DATASET EXTRACT:
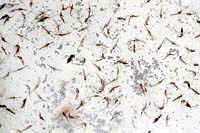 Một bí ẩn của bệnh sốt rét đã được làm sáng tỏ: Điều gì xảy ra khi mùa mưa kết thúc?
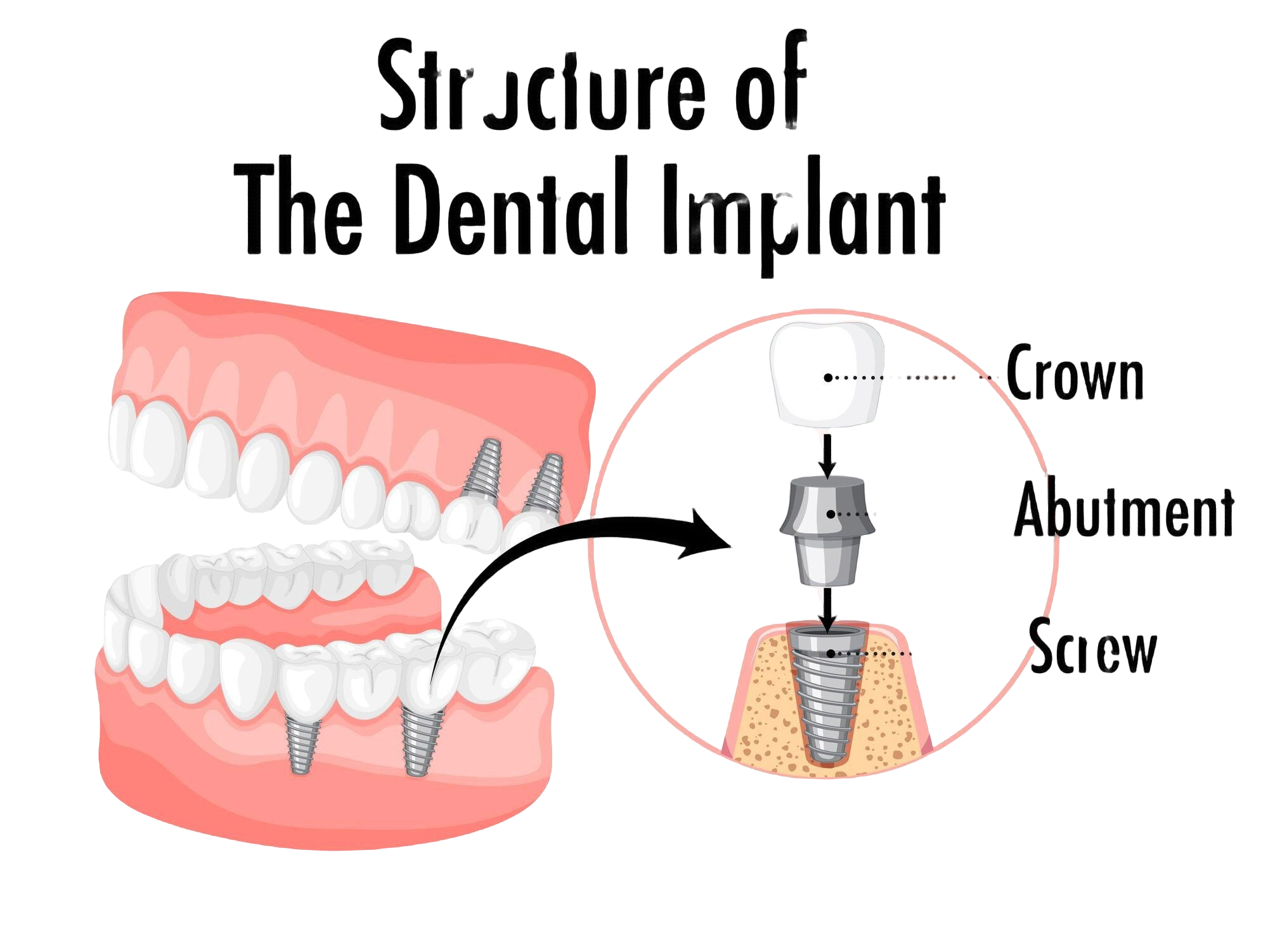 Dental Implants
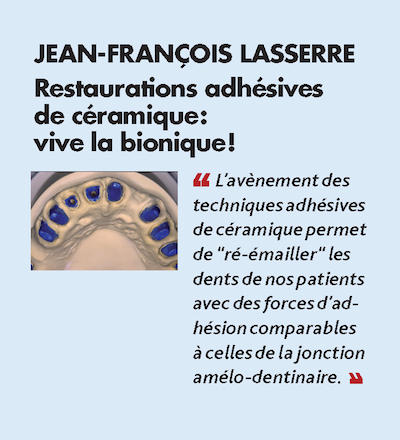 Thème n°7 par JEAN-FRANÇOIS LASSERRE > Restaurations adhésives de céramique : vive la bionique !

THE TASK: Omitting all images, print the listing exactly.

TASK ANSWER:
 Một bí ẩn của bệnh sốt rét đã được làm sáng tỏ: Điều gì xảy ra khi mùa mưa kết thúc?
 Dental Implants
 Thème n°7 par JEAN-FRANÇOIS LASSERRE > Restaurations adhésives de céramique : vive la bionique !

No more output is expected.